Leave out the pictures and output the data verbatim.

- Opening Delimiter -

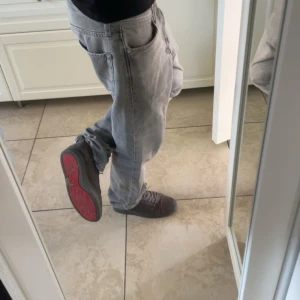 Grå sneakers från Christian Louboutin - Snygga grå sneakers i mocka från Christian Louboutin med den ikoniska röda sulan. Skorna har snörning och en stilren design som passar perfekt för en trendig look. Tar även emot byten mot andra skor eller annat!!😇😇Sulan är lite sliten!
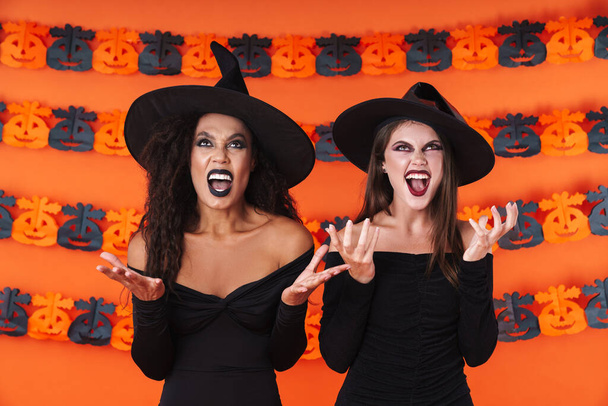 Image of furious witch women in black halloween costume and make - Fotó, kép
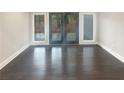 Sunlit living area with dark hardwood floors and French doors at 51 Holt Ne Rd, Marietta, GA 30068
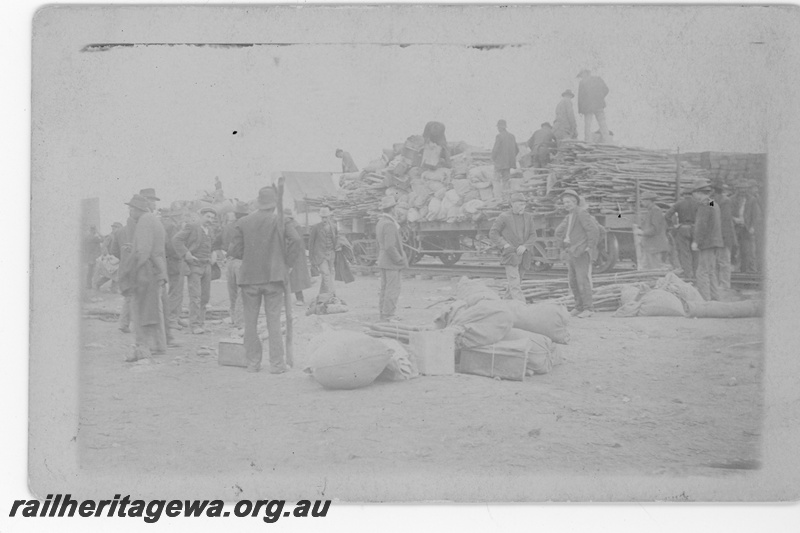 P16813
Commonwealth Railways (CR) - TAR line workers unloading materials from construction train. c1916
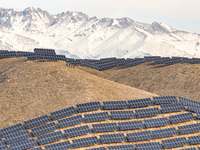 Workers of Huaneng Yili Xexin Photovoltaic Power Plant inspect equipment on a barren slope in Yili, Xinjiang province, China, on November 30...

- Closing Delimiter -

Exercise solution.
 Grå sneakers från Christian Louboutin - Snygga grå sneakers i mocka från Christian Louboutin med den ikoniska röda sulan. Skorna har snörning och en stilren design som passar perfekt för en trendig look. Tar även emot byten mot andra skor eller annat!!😇😇Sulan är lite sliten!
 Image of furious witch women in black halloween costume and make - Fotó, kép
 Sunlit living area with dark hardwood floors and French doors at 51 Holt Ne Rd, Marietta, GA 30068
 P16813
Commonwealth Railways (CR) - TAR line workers unloading materials from construction train. c1916
 Workers of Huaneng Yili Xexin Photovoltaic Power Plant inspect equipment on a barren slope in Yili, Xinjiang province, China, on November 30...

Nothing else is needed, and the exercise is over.